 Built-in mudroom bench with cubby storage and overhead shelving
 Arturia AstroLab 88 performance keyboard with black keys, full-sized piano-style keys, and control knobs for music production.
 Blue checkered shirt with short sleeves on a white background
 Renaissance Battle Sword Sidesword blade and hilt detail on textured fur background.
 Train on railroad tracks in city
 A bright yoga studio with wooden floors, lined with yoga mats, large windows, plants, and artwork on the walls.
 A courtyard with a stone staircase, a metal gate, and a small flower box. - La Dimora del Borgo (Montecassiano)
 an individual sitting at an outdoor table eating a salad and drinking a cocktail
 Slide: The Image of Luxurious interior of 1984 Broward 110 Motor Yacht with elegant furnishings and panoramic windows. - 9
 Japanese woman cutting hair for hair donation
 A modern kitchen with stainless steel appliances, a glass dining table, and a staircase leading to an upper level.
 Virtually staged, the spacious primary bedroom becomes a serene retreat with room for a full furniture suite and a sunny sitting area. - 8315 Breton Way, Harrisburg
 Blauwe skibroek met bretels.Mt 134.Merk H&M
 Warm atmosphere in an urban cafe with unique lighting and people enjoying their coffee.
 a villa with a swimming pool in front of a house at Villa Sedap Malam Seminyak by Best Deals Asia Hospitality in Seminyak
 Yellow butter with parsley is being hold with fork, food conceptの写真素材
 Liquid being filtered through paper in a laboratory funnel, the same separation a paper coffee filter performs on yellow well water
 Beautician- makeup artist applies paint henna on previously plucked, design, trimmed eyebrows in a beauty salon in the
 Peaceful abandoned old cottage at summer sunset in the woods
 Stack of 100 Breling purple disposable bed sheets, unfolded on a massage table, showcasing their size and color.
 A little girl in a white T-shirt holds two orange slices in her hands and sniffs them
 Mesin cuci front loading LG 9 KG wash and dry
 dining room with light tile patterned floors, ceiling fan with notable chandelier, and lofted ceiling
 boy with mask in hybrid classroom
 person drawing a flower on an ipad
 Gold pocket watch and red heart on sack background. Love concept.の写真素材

::::

#### WHAT THE TASK REQUIRES
The number alone is the answer: work out how many lines in the data contain "windows".

#### REPLY
2